My Life in the Bush of Ghosts (1981)

All fans of Eno and of Talking Heads under his sway were pretty sure even then that this was well ahead of its time. But such things are so hard to know for sure. In many ways it seemed too good to be true—this powerhouse concatenation of beats, noise, shards and fragments of world music, and found sound taken most often right off of the kind of lunatic evangelical Christian and/or political talk radio that seems to broadcast most wide and virulent late at night, heard under the cover of stars in cars moving fast on freeways in strange parts of the country. "America is waiting for a message of some sort or another," is how it starts, with a booming, clanking, wheeting groove that lumbers it into irresistible existence. Though I had my doubts at the time about Remain in Light (since dispelled), I had been and am still particularly enamored of Fear of Music, and this seemed to me an even further distillation of that. Brian Eno and David Byrne here demonstrate conclusively their affinities for a fascinating and very pure level of collaboration. As credited, this is not an Eno album, nor a Talking Heads or Byrne album, but something fresh and different, equidistant between their sensibilities. Both seem to me drawn about equally to a broad palette of world music, but I suspect it was Byrne in charge of getting the grooves to work right and Eno for continually exploding and pushing boundaries as wide as possible. According to Wikipedia, "Q" magazine asked Eno, 20 years after the release of this album, if he thought he and Byrne were responsible for the invention of sampling.

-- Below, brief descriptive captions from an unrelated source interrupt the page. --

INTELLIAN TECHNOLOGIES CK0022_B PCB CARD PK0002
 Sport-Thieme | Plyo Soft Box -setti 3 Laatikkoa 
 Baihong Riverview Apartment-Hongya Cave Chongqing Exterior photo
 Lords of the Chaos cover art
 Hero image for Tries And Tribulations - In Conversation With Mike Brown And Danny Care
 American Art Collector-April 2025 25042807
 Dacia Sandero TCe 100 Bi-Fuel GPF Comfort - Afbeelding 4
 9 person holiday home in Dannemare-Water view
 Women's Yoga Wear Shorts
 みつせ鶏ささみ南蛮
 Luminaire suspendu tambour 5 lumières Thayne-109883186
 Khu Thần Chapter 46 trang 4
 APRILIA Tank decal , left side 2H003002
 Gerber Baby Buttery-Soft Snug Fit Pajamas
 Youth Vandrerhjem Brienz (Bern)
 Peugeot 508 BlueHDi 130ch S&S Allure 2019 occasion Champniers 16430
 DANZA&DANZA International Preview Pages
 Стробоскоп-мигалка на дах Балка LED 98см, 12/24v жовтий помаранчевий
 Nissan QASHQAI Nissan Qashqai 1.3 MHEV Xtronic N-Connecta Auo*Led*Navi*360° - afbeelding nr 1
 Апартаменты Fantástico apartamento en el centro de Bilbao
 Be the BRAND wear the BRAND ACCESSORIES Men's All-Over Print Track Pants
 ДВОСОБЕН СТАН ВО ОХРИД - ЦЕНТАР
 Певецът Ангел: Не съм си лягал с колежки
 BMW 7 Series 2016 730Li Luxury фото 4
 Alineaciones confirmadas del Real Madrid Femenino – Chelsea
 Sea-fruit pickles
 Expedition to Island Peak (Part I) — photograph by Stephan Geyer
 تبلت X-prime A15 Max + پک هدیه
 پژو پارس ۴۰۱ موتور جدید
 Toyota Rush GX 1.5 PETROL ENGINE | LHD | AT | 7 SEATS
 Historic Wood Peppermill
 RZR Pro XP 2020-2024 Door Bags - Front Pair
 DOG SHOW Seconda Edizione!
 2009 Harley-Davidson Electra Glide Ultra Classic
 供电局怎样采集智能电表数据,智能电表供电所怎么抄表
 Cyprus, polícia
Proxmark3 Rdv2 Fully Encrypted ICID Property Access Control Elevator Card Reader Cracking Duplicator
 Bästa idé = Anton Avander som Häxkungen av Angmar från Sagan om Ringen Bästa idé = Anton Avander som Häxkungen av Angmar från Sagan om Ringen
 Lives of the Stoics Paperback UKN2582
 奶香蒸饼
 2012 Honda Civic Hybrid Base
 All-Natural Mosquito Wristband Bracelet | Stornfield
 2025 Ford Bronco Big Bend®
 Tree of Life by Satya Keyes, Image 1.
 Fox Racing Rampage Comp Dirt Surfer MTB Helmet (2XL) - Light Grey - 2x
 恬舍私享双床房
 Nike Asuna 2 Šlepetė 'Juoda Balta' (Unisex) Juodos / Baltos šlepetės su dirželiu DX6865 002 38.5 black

Eno demurred, pointing to figures such as Holger Czukay, but the fact that the question could even be asked only gives some indication of the kind of impact it had on people. As for me, I thought the first side of the vinyl album was a mad swirling wonder, a perfectly sequenced and balanced set that occupied my days obsessively for a good long while. But I did think it lost its way some on the flip and gradually came to focus almost exclusively only on that first solid 20-minute blast. The 25th anniversary edition, which adds on several more tracks, including two made available under a Creative Commons license for use in anyone's remixes who wants them, adds a few interesting chapters to the story and is probably the version to have now.